● Data for analysis
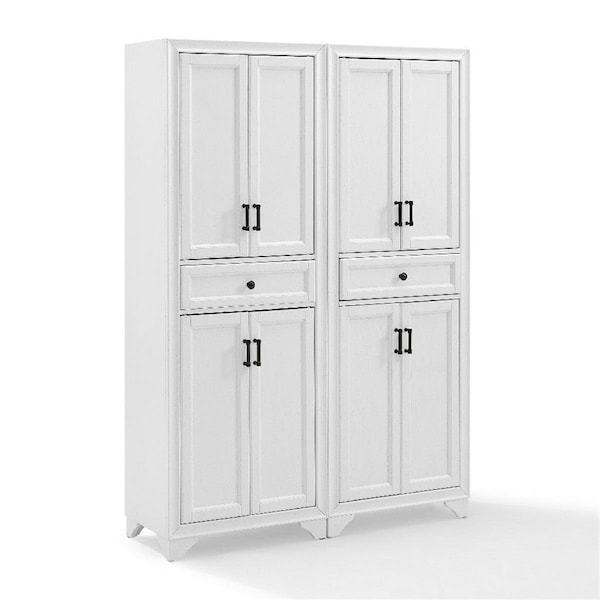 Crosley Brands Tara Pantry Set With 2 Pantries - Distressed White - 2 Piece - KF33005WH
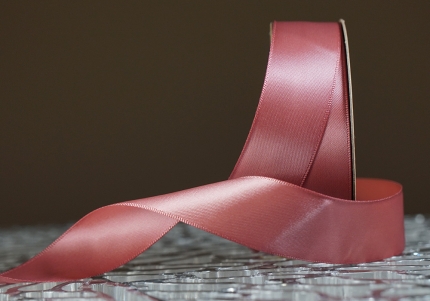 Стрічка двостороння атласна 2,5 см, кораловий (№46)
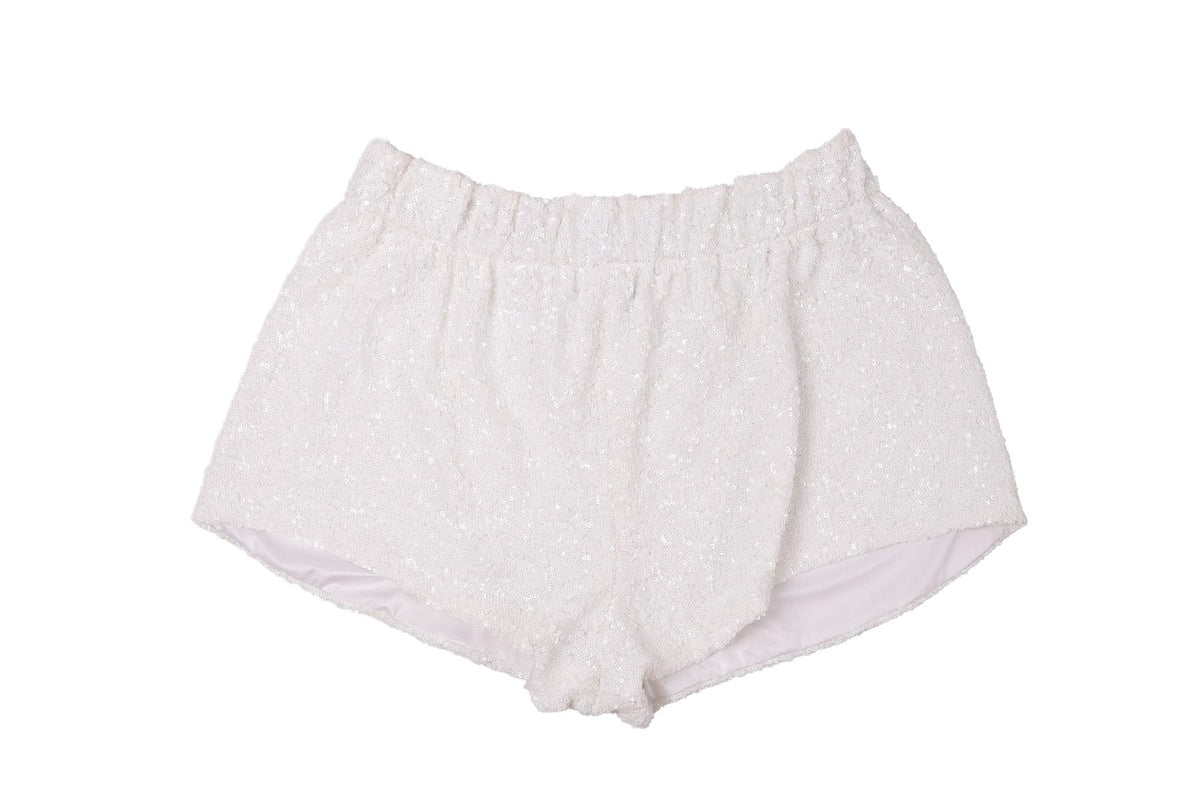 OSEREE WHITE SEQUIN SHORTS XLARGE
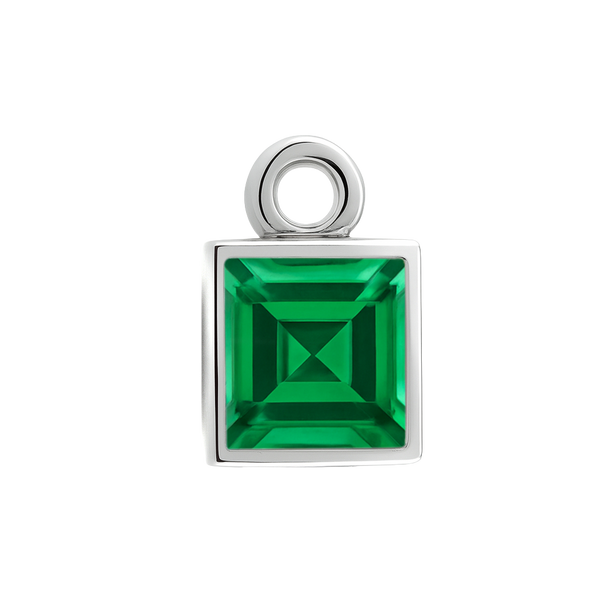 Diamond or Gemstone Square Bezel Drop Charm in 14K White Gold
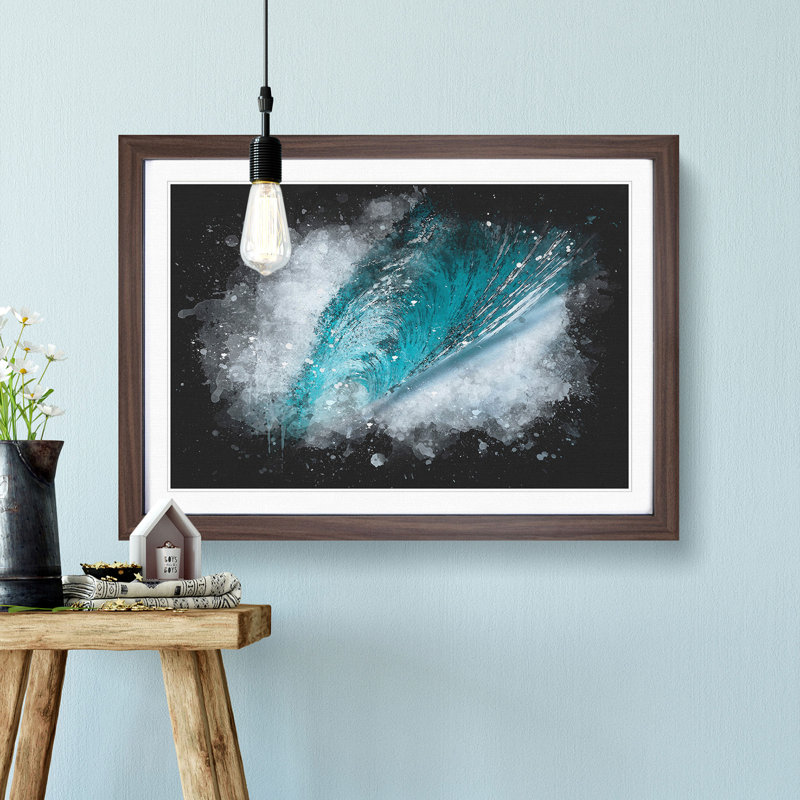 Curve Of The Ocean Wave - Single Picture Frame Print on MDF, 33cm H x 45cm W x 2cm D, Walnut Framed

● Work to complete
Retype exactly, please, the span from the line holding "Стрічка двостороння атласна" through the closing line of the data, both ends included, without the pictures.

● Task solution
 Стрічка двостороння атласна 2,5 см, кораловий (№46)
 OSEREE WHITE SEQUIN SHORTS XLARGE
 Diamond or Gemstone Square Bezel Drop Charm in 14K White Gold
 Curve Of The Ocean Wave - Single Picture Frame Print on MDF, 33cm H x 45cm W x 2cm D, Walnut Framed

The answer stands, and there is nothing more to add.